In a harmonious combination of colour and light, he creates serene images that purposely put the viewer on the wrong footing. On closer inspection, the wide, veined landscapes turn out to be industrial landscapes. Teh depicts the roots of this economic wonder in a mix of earth, sweat and smoke. The Kunsthal is exhibiting part of Teh's series ‘Dark Clouds' and ‘Traces', for which he took photographs in various Chinese provinces.
‘Dark Clouds' portrays daily life in the Chinese coal industry. Steel and coke factories are the backdrop against which Teh records frozen images that seem far from realistic. In other photographs, Teh uses a more dynamic type of imagery when he zooms in on labourers trying to relax after work at a café or by playing billiards. In five monumental photographs from the series entitled ‘Traces', Teh examines the sparsely populated landscapes of Chinese hinterlands. These impoverished provinces were once lush and green, but savage industrial exploitation has caused an imbalance in the region's ecosystem. Linfen, once affectionately dubbed ‘Modern city of fruit of flowers', no longer does justice to that name. In the exhibition, portraits of labourers interact with panoramic industrial landscapes.
British-Malaysian photographer Ian Teh works autonomously and on commission for third parties, and his work is regularly published in magazines such as Time, The New Yorker and Newsweek. Teh has exhibited all over the world at locations including the Kiang Gallery, Atlanta, the Paris Beijing Gallery in Beijing, and Flowers in London. In 2010, the literary magazine Granta (London) published a ten-year retrospective of his work. Teh received an honourable mention for the Prix Pictet award in 2009, and in 2011 was awarded the Magnum Emergency Funding Grant.
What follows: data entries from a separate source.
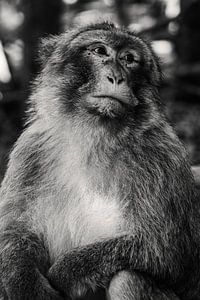 Berberaffe
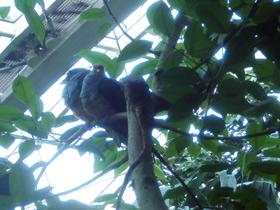 Смотреть фото Малиновошапочный пёстрый голубь Фото Малиновошапочный пёстрый голубь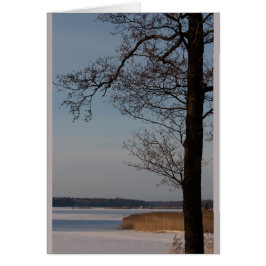 Cartão Paisagem de inverno com árvore CC0370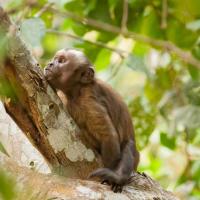 Brown_capuchin_0016.jpg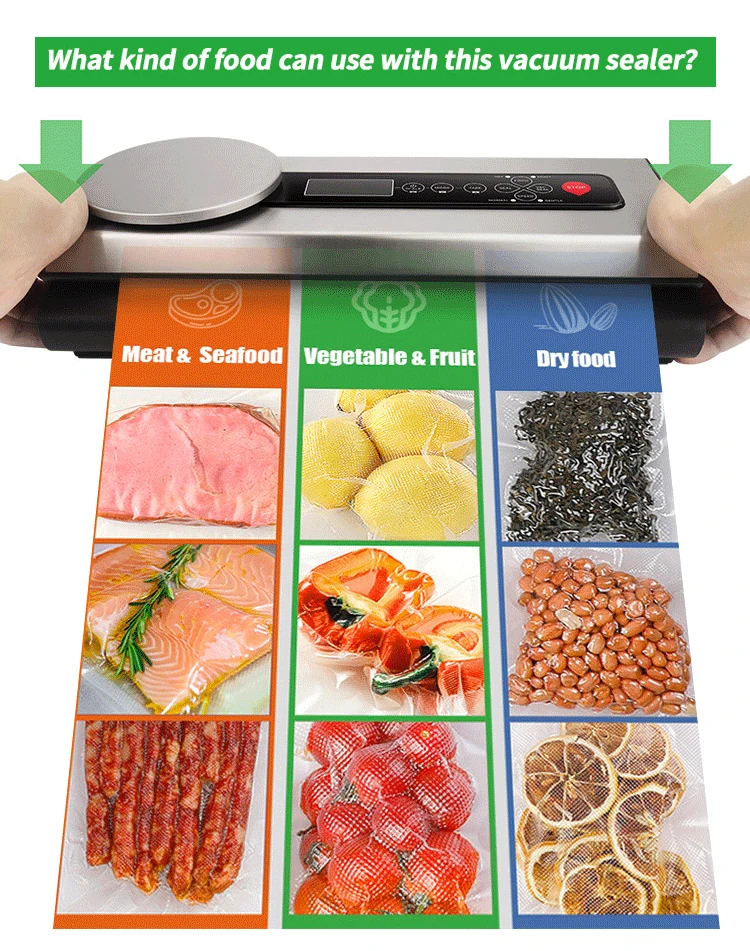 12V/240V Stainless Steel Vacuum Food Sealer For Indoor And Outdoor Use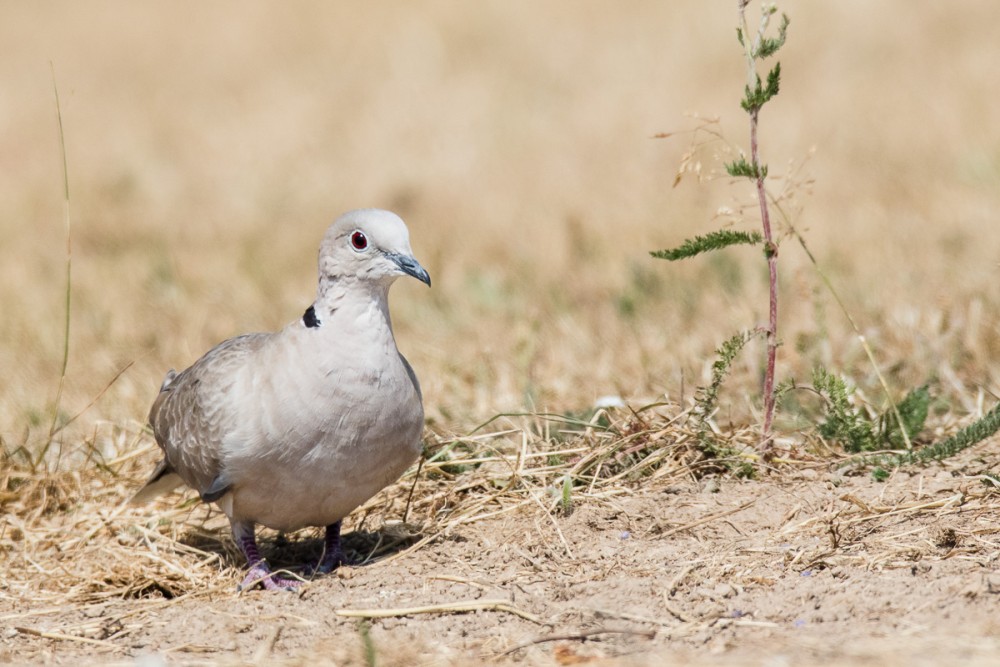 14.jpg (354.81 Kio) Vu 17977 fois Tourterelle au port de Chantereyne à Cherbourg, avec une ambiance africaine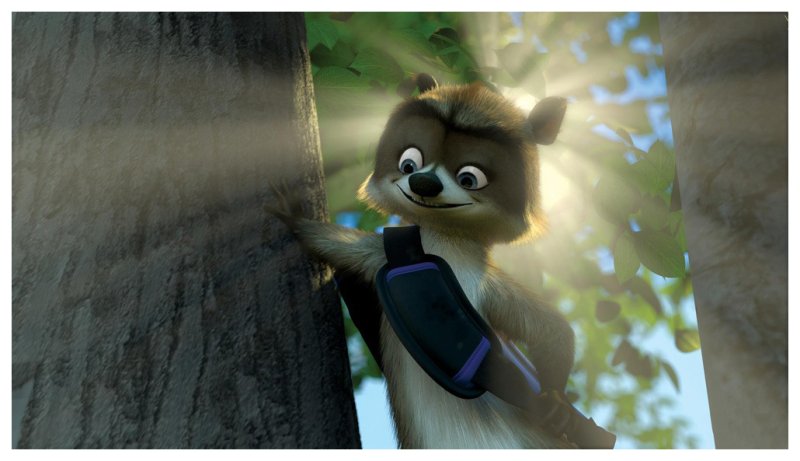 Лесная братва мультфильм енот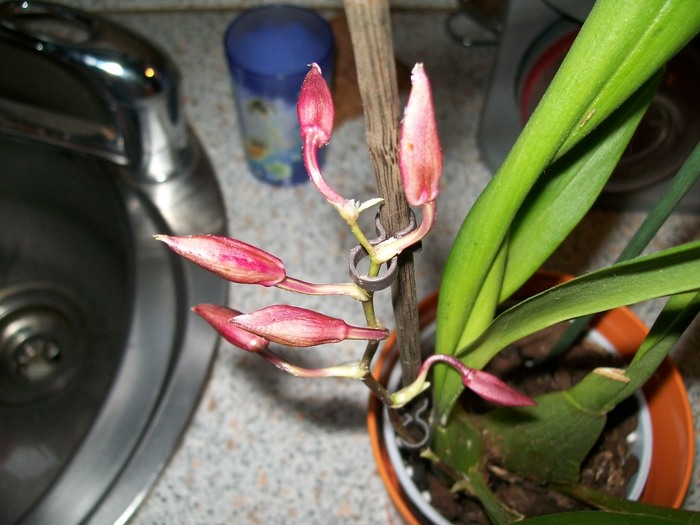 orhidee 011 - Miltonidium-Miltoniopsis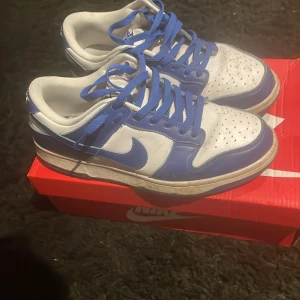 Nike dunk Kentucky  - Skorna är i ett använt skick, de är creasade och använda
Work by Teh is included in the Los Angeles County Museum of Art collection, the Freshfields Bruckhaus Deringer collection and the Howard Stern Collection.
The exhibition includes a publication entitled ‘Undercurrents'. This comprehensive book comprises five series, with ‘Dark Clouds' presented as last. ‘Undercurrents' is published by Timezone 8/Paris-Beijing Photo Gallery. The publication ‘Traces' is published by Deep Sleep Editions.